**What to do**
Any image in the records is to be dropped, and everything else duplicated precisely.

**Dataset records**
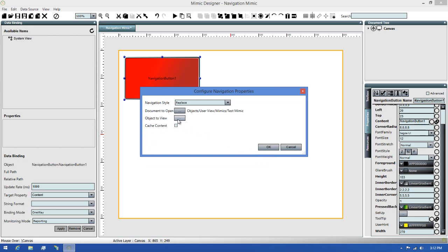Next we have the Object to View. This property is used to pass along the asset you want to view when navigating to Mimic templates. When navigating to regular Mimics, it can be left blank. Since this is used in more complex setups, it's going to be covered in an advanced video and we'll skip over this for now.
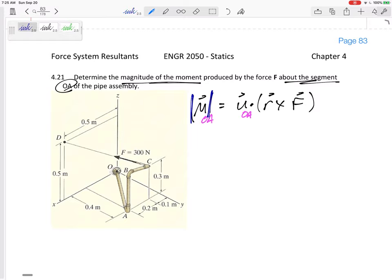I want the moment about segment OA. Here's segment OA. It's really asking: I don't really care about the total moment, but how much of that moment is rotating about this OA axis? That force right there seems like it might cause some rotation - what's the magnitude just about that axis? I'm not really concerned about any other axes, just that one.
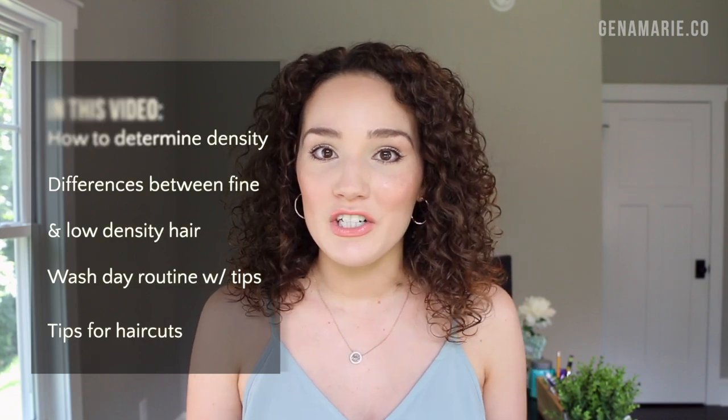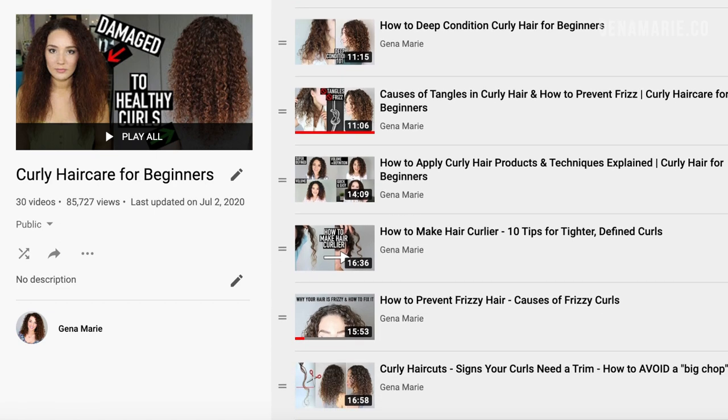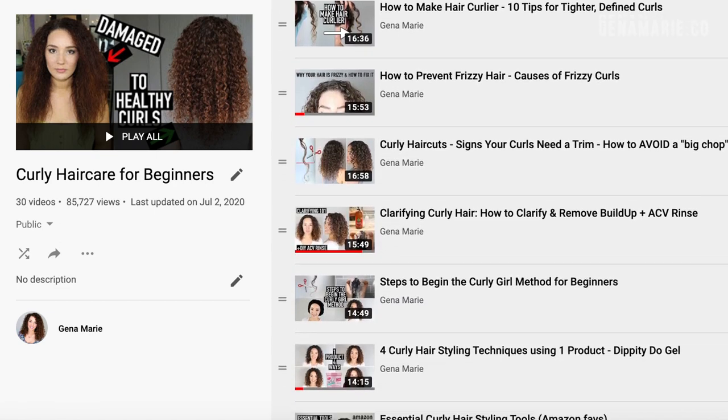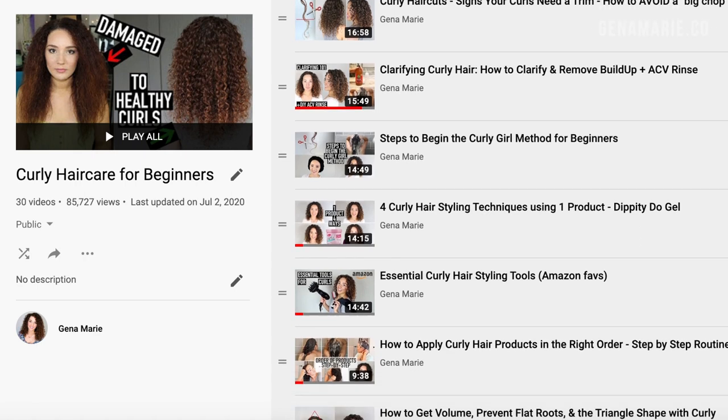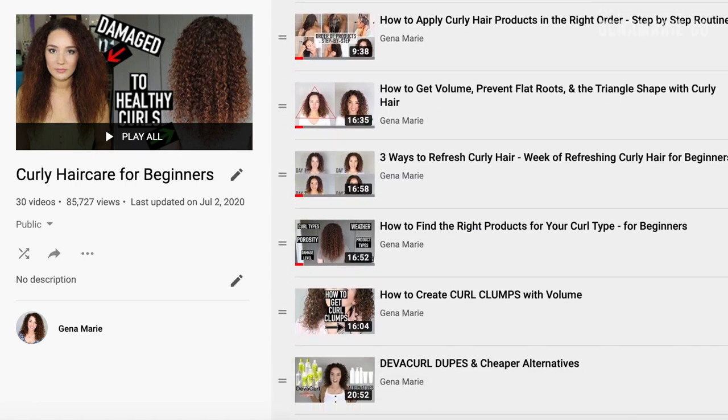If you are new to my channel, I make videos all about naturally curly hair and try to break it down in simple, easy to follow steps. This video is part of the curly hair care for beginners playlist where we go back to the basics. I really walk you through how to take care of your curls and try to make it easier, because I know first learning how to take care of your curls can be very overwhelming.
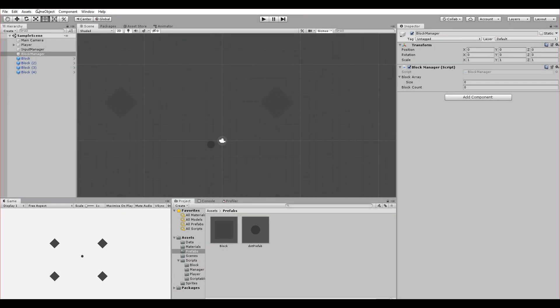In this part we will make our blocks reappear again once we click on our mouse. First thing we have to do - I hope you understand events and delegates at least on a basic level.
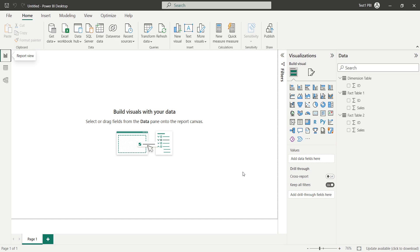Hey everyone, welcome to this video. In this video, we are going to discuss about one of the problems I encountered while working on a healthcare project recently. This is basically about a data quality issue that may exist in the data.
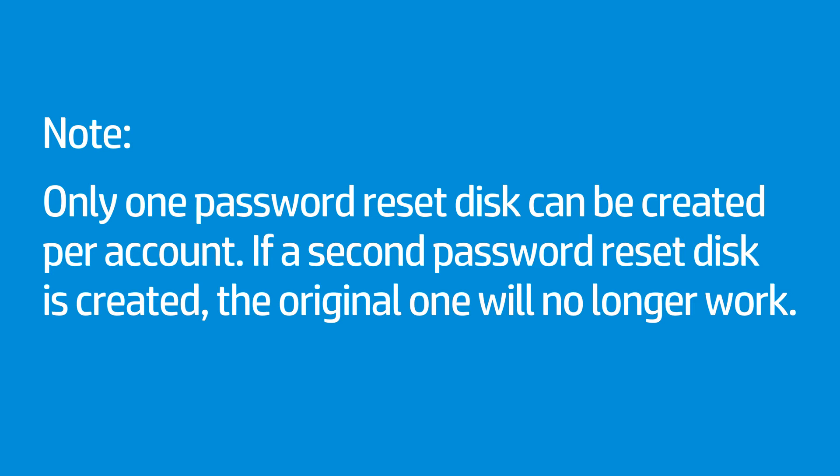If a second password reset disk is created, the original one will no longer work. A new password disk does not need to be created if you change your password.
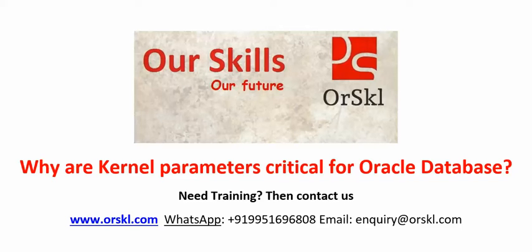Hello. First of all, I would like to thank you for looking at my video blog and this particular video is going to completely concentrate on the kernel parameters. Why are they so much critical for the Oracle database? I'm sure you must be finding the same topic in my blog as well, that is at orskill.com.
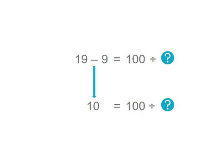Well if we want to put 10 in each group we'd need 10 groups of 10 to make 100. So 100 shared into 10 groups equals 10.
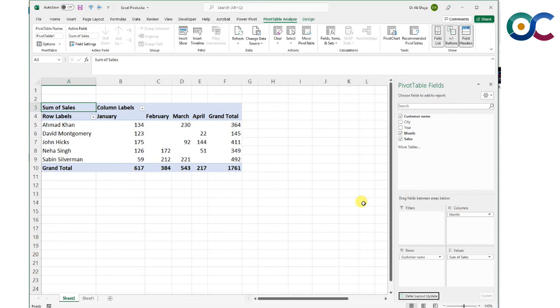That was a brief introduction to pivot tables in Excel. You can also have pivot charts that we will look at later. If you have any questions, please feel free to ask in the comments section. I will try to answer them or make separate videos. Thank you so much.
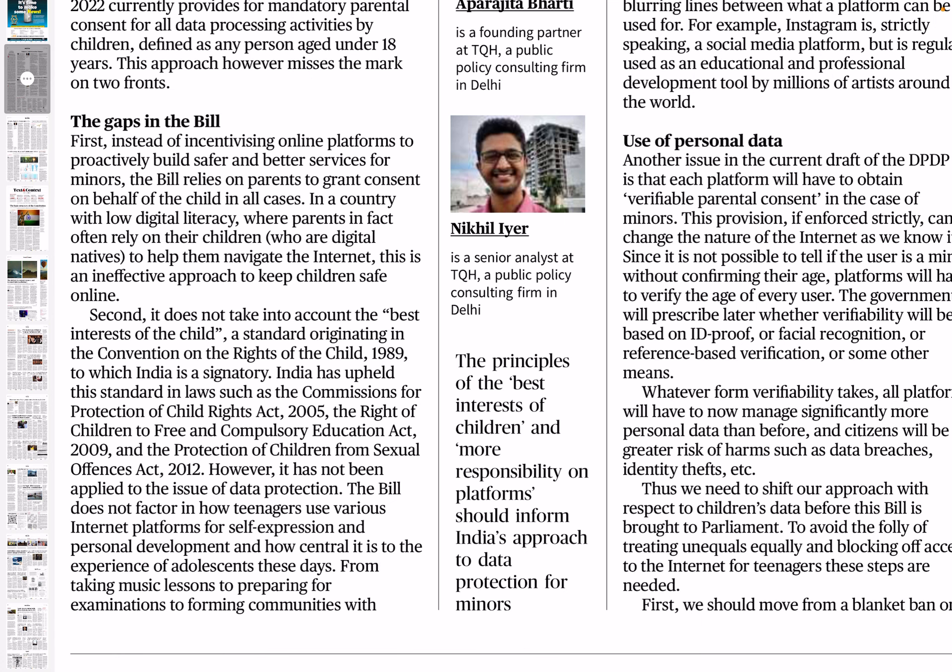The bill puts all responsibility on parents to provide consent in every case, but parents are not always present or available — there are many scenarios where a child may be accessing information without parents around. In a country with low digital literacy, where parents often rely on their children to help them navigate the internet, this is an ineffective approach to keep children safe online. Mandatory parental consent in such a context is simply not a viable approach.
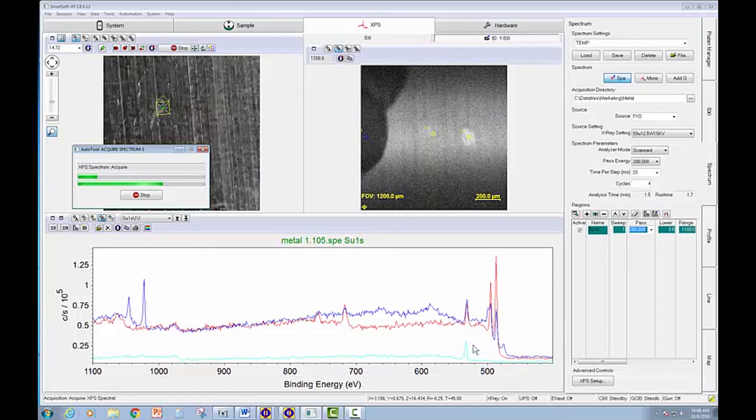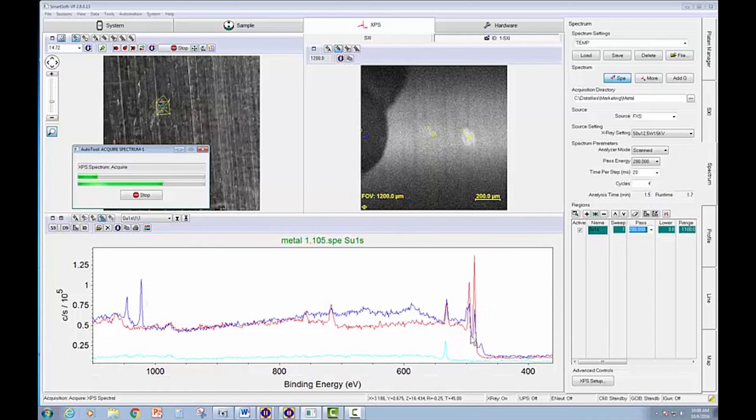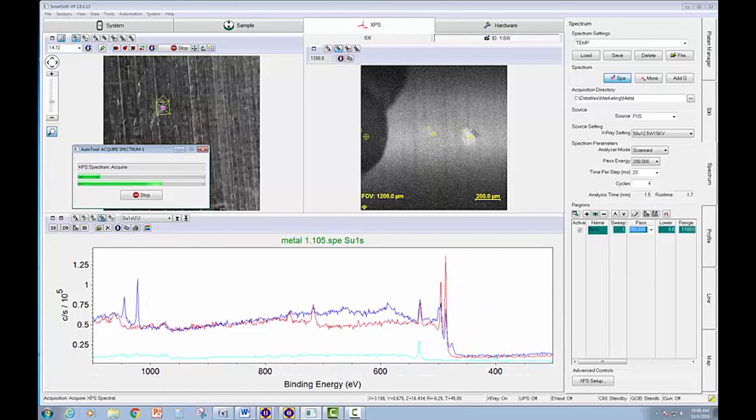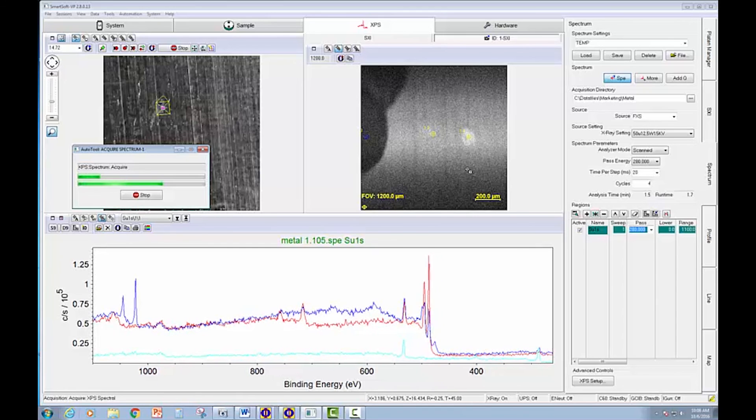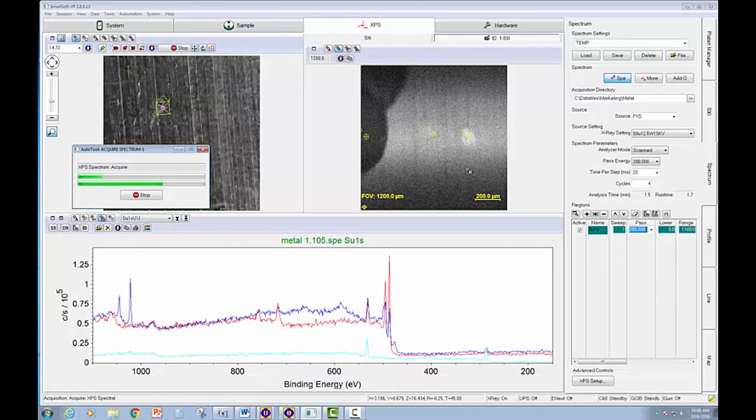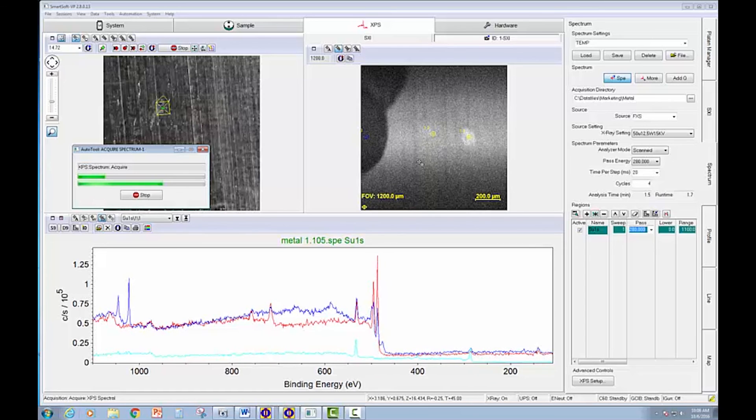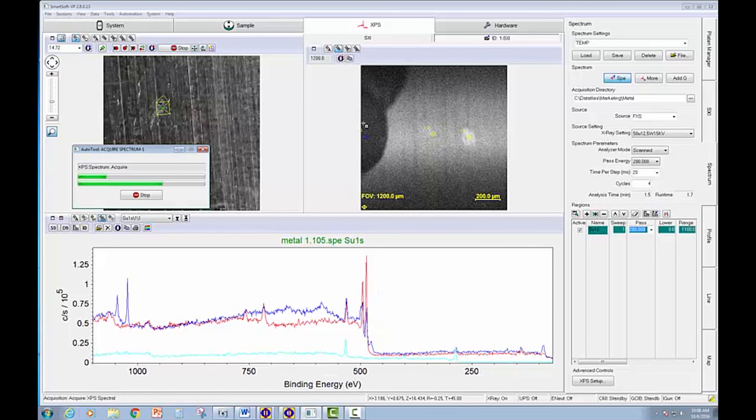We're seeing a fairly large amount of tin in this bright spot. And I believe tin is below the zinc. So we're seeing quite a bit more tin in this bright area. Zinc here. And really no metal in this dark area at all.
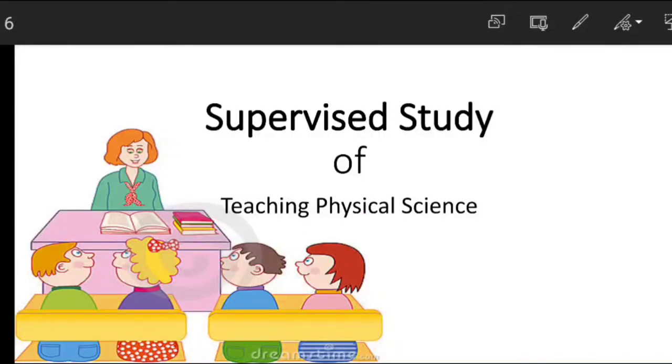Hello, good morning my dear students. How are you doing? How are you doing with online classes?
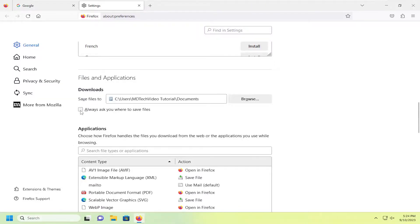You can also enable the prompt to always ask you where to save files. So you can do that as a complimentary option down here.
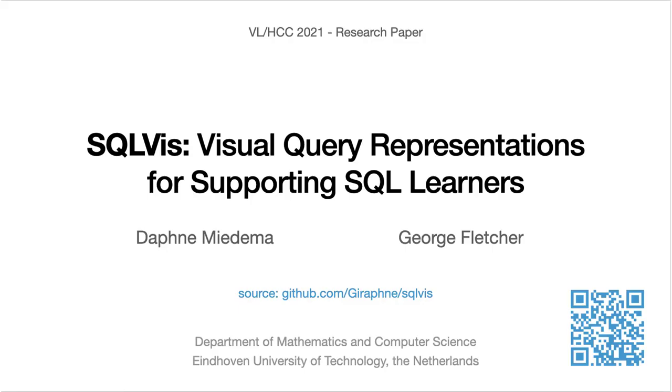This concludes the demo of SQLviz, a visual query representation for supporting SQL learners. For more details, please check out the paper.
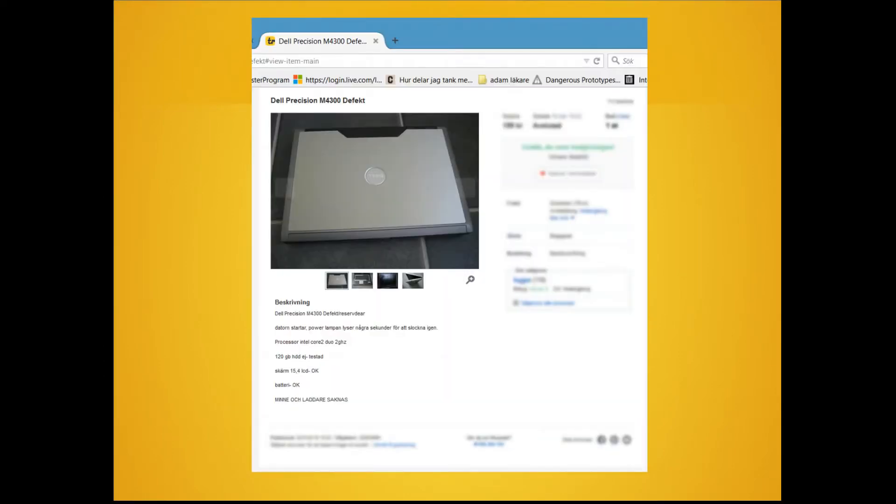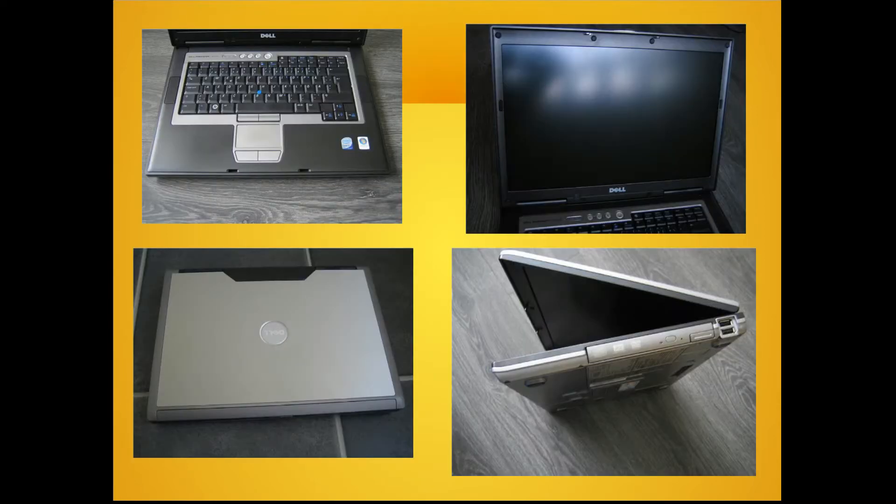The fault description is defect computer. The computer starts, power LEDs turn on, flashes for several seconds and then turns off. The computer comes without hard drive or memory.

**Solution to this task**
Next we have the Object to View. This property is used to pass along the asset you want to view when navigating to Mimic templates. When navigating to regular Mimics, it can be left blank. Since this is used in more complex setups, it's going to be covered in an advanced video and we'll skip over this for now.
I want the moment about segment OA. Here's segment OA. It's really asking: I don't really care about the total moment, but how much of that moment is rotating about this OA axis? That force right there seems like it might cause some rotation - what's the magnitude just about that axis? I'm not really concerned about any other axes, just that one.
If you are new to my channel, I make videos all about naturally curly hair and try to break it down in simple, easy to follow steps. This video is part of the curly hair care for beginners playlist where we go back to the basics. I really walk you through how to take care of your curls and try to make it easier, because I know first learning how to take care of your curls can be very overwhelming.
In this part we will make our blocks reappear again once we click on our mouse. First thing we have to do - I hope you understand events and delegates at least on a basic level.
Hey everyone, welcome to this video. In this video, we are going to discuss about one of the problems I encountered while working on a healthcare project recently. This is basically about a data quality issue that may exist in the data.
If a second password reset disk is created, the original one will no longer work. A new password disk does not need to be created if you change your password.
Hello. First of all, I would like to thank you for looking at my video blog and this particular video is going to completely concentrate on the kernel parameters. Why are they so much critical for the Oracle database? I'm sure you must be finding the same topic in my blog as well, that is at orskill.com.
Well if we want to put 10 in each group we'd need 10 groups of 10 to make 100. So 100 shared into 10 groups equals 10.
That was a brief introduction to pivot tables in Excel. You can also have pivot charts that we will look at later. If you have any questions, please feel free to ask in the comments section. I will try to answer them or make separate videos. Thank you so much.
The bill puts all responsibility on parents to provide consent in every case, but parents are not always present or available — there are many scenarios where a child may be accessing information without parents around. In a country with low digital literacy, where parents often rely on their children to help them navigate the internet, this is an ineffective approach to keep children safe online. Mandatory parental consent in such a context is simply not a viable approach.
We're seeing a fairly large amount of tin in this bright spot. And I believe tin is below the zinc. So we're seeing quite a bit more tin in this bright area. Zinc here. And really no metal in this dark area at all.
Hello, good morning my dear students. How are you doing? How are you doing with online classes?
You can also enable the prompt to always ask you where to save files. So you can do that as a complimentary option down here.
This concludes the demo of SQLviz, a visual query representation for supporting SQL learners. For more details, please check out the paper.
The fault description is defect computer. The computer starts, power LEDs turn on, flashes for several seconds and then turns off. The computer comes without hard drive or memory.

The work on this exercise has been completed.